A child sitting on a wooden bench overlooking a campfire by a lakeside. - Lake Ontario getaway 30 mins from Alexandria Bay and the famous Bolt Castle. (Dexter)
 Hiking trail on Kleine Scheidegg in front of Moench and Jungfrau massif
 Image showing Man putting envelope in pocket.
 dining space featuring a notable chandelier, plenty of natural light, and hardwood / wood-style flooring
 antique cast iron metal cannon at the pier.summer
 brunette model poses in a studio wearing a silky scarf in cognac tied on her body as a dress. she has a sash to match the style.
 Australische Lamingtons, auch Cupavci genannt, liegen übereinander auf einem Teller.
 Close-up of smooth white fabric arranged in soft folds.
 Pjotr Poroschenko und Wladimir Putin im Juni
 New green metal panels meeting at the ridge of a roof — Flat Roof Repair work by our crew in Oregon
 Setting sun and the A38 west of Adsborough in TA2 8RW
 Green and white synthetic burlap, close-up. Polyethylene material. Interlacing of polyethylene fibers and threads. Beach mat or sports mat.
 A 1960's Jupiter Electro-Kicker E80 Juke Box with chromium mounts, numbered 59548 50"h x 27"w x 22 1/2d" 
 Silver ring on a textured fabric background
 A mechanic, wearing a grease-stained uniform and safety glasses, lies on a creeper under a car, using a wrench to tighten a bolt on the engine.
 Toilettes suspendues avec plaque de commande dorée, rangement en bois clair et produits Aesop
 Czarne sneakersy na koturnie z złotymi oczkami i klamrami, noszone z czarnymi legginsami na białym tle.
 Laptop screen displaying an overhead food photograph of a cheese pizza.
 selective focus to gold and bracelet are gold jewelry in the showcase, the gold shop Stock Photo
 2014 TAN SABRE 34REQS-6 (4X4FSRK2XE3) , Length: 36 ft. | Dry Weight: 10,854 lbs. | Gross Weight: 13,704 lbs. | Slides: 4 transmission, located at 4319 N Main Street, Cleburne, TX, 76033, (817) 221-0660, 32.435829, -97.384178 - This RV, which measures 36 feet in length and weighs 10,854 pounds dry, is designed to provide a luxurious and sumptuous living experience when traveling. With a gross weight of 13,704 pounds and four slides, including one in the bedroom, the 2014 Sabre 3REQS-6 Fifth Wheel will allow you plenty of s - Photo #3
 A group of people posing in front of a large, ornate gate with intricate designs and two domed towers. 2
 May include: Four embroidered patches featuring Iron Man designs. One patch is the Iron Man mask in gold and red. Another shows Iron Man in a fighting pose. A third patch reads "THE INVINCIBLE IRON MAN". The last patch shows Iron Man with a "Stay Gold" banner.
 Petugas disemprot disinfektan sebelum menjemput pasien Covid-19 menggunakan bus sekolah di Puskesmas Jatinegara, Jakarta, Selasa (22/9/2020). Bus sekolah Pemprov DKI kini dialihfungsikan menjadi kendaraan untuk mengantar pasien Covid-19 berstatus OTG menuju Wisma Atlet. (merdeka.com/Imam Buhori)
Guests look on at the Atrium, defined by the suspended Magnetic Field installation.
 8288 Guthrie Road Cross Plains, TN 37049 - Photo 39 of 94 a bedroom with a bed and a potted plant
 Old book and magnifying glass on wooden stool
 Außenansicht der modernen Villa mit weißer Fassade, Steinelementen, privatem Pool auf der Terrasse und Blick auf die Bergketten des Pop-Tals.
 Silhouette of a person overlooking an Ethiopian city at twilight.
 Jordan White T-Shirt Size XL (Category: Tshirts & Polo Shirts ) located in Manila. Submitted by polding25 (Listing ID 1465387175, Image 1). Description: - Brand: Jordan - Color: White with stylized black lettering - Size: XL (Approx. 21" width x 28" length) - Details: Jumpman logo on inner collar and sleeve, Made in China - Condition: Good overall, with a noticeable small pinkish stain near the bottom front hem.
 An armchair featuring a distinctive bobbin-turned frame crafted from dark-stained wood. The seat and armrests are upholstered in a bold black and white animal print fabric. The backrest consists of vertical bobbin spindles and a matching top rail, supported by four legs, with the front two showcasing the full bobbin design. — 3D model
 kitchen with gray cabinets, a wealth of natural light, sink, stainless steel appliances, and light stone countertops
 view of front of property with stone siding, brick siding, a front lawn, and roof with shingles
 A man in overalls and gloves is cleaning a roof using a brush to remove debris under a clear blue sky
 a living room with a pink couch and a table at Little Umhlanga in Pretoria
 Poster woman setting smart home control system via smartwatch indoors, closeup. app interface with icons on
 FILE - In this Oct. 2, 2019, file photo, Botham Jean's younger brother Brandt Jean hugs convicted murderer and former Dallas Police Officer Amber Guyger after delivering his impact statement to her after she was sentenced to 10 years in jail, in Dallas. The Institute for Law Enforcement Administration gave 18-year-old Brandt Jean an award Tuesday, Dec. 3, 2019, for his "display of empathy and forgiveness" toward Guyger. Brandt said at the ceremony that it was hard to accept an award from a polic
********
Print the data in full. Match it exactly.

» Exercise output
A child sitting on a wooden bench overlooking a campfire by a lakeside. - Lake Ontario getaway 30 mins from Alexandria Bay and the famous Bolt Castle. (Dexter)
 Hiking trail on Kleine Scheidegg in front of Moench and Jungfrau massif
 Image showing Man putting envelope in pocket.
 dining space featuring a notable chandelier, plenty of natural light, and hardwood / wood-style flooring
 antique cast iron metal cannon at the pier.summer
 brunette model poses in a studio wearing a silky scarf in cognac tied on her body as a dress. she has a sash to match the style.
 Australische Lamingtons, auch Cupavci genannt, liegen übereinander auf einem Teller.
 Close-up of smooth white fabric arranged in soft folds.
 Pjotr Poroschenko und Wladimir Putin im Juni
 New green metal panels meeting at the ridge of a roof — Flat Roof Repair work by our crew in Oregon
 Setting sun and the A38 west of Adsborough in TA2 8RW
 Green and white synthetic burlap, close-up. Polyethylene material. Interlacing of polyethylene fibers and threads. Beach mat or sports mat.
 A 1960's Jupiter Electro-Kicker E80 Juke Box with chromium mounts, numbered 59548 50"h x 27"w x 22 1/2d" 
 Silver ring on a textured fabric background
 A mechanic, wearing a grease-stained uniform and safety glasses, lies on a creeper under a car, using a wrench to tighten a bolt on the engine.
 Toilettes suspendues avec plaque de commande dorée, rangement en bois clair et produits Aesop
 Czarne sneakersy na koturnie z złotymi oczkami i klamrami, noszone z czarnymi legginsami na białym tle.
 Laptop screen displaying an overhead food photograph of a cheese pizza.
 selective focus to gold and bracelet are gold jewelry in the showcase, the gold shop Stock Photo
 2014 TAN SABRE 34REQS-6 (4X4FSRK2XE3) , Length: 36 ft. | Dry Weight: 10,854 lbs. | Gross Weight: 13,704 lbs. | Slides: 4 transmission, located at 4319 N Main Street, Cleburne, TX, 76033, (817) 221-0660, 32.435829, -97.384178 - This RV, which measures 36 feet in length and weighs 10,854 pounds dry, is designed to provide a luxurious and sumptuous living experience when traveling. With a gross weight of 13,704 pounds and four slides, including one in the bedroom, the 2014 Sabre 3REQS-6 Fifth Wheel will allow you plenty of s - Photo #3
 A group of people posing in front of a large, ornate gate with intricate designs and two domed towers. 2
 May include: Four embroidered patches featuring Iron Man designs. One patch is the Iron Man mask in gold and red. Another shows Iron Man in a fighting pose. A third patch reads "THE INVINCIBLE IRON MAN". The last patch shows Iron Man with a "Stay Gold" banner.
 Petugas disemprot disinfektan sebelum menjemput pasien Covid-19 menggunakan bus sekolah di Puskesmas Jatinegara, Jakarta, Selasa (22/9/2020). Bus sekolah Pemprov DKI kini dialihfungsikan menjadi kendaraan untuk mengantar pasien Covid-19 berstatus OTG menuju Wisma Atlet. (merdeka.com/Imam Buhori)
Guests look on at the Atrium, defined by the suspended Magnetic Field installation.
 8288 Guthrie Road Cross Plains, TN 37049 - Photo 39 of 94 a bedroom with a bed and a potted plant
 Old book and magnifying glass on wooden stool
 Außenansicht der modernen Villa mit weißer Fassade, Steinelementen, privatem Pool auf der Terrasse und Blick auf die Bergketten des Pop-Tals.
 Silhouette of a person overlooking an Ethiopian city at twilight.
 Jordan White T-Shirt Size XL (Category: Tshirts & Polo Shirts ) located in Manila. Submitted by polding25 (Listing ID 1465387175, Image 1). Description: - Brand: Jordan - Color: White with stylized black lettering - Size: XL (Approx. 21" width x 28" length) - Details: Jumpman logo on inner collar and sleeve, Made in China - Condition: Good overall, with a noticeable small pinkish stain near the bottom front hem.
 An armchair featuring a distinctive bobbin-turned frame crafted from dark-stained wood. The seat and armrests are upholstered in a bold black and white animal print fabric. The backrest consists of vertical bobbin spindles and a matching top rail, supported by four legs, with the front two showcasing the full bobbin design. — 3D model
 kitchen with gray cabinets, a wealth of natural light, sink, stainless steel appliances, and light stone countertops
 view of front of property with stone siding, brick siding, a front lawn, and roof with shingles
 A man in overalls and gloves is cleaning a roof using a brush to remove debris under a clear blue sky
 a living room with a pink couch and a table at Little Umhlanga in Pretoria
 Poster woman setting smart home control system via smartwatch indoors, closeup. app interface with icons on
 FILE - In this Oct. 2, 2019, file photo, Botham Jean's younger brother Brandt Jean hugs convicted murderer and former Dallas Police Officer Amber Guyger after delivering his impact statement to her after she was sentenced to 10 years in jail, in Dallas. The Institute for Law Enforcement Administration gave 18-year-old Brandt Jean an award Tuesday, Dec. 3, 2019, for his "display of empathy and forgiveness" toward Guyger. Brandt said at the ceremony that it was hard to accept an award from a polic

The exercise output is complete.